For s3-ocr issue #21 I needed to write a test that simulates what happens when Amazon Textract returns a "LimitExceededException". When using boto this error presents itself as an exception:
botocore.errorfactory.LimitExceededException: An error occurred (LimitExceededException) when calling the StartDocumentTextDetection operation: Open jobs exceed maximum concurrent job limit
I uses moto to simulate AWS in that test suite, but moto does not yet have a mechanism for simulating Textract errors like this one.

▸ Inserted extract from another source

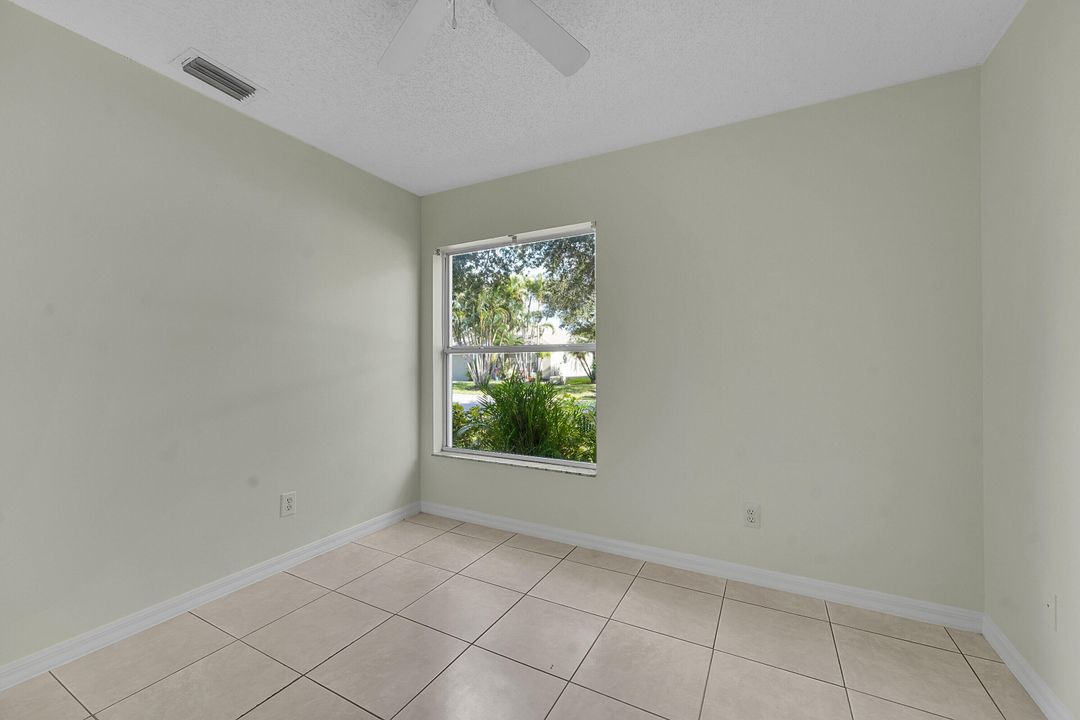 На продажу: $325,000 (3 спален, 2 ванн, 1636 Квадратных фут)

I ended up turning to Python mocks, here provided by the the pytest-mock fixture. Here's the test I came up with:
def test_limit_exceeded_automatic_retry(s3, mocker):
mocked = mocker.patch("s3_ocr.cli.start_document_text_extraction")
# It's going to fail the first time, then succeed
mocked.side_effect = [
boto3.client("textract").exceptions.LimitExceededException(
error_response={},
operation_name="StartDocumentTextExtraction",
),
{"JobId": "123"},
]
runner = CliRunner()
result = runner.invoke(cli, ["start", "my-bucket", "--all"])
assert result.exit_code == 0
assert result.output == (
"Found 0 files with .s3-ocr.json out of 1 PDFs\n"
"An error occurred (Unknown) when calling the StartDocumentTextExtraction operation: Unknown - retrying...\n"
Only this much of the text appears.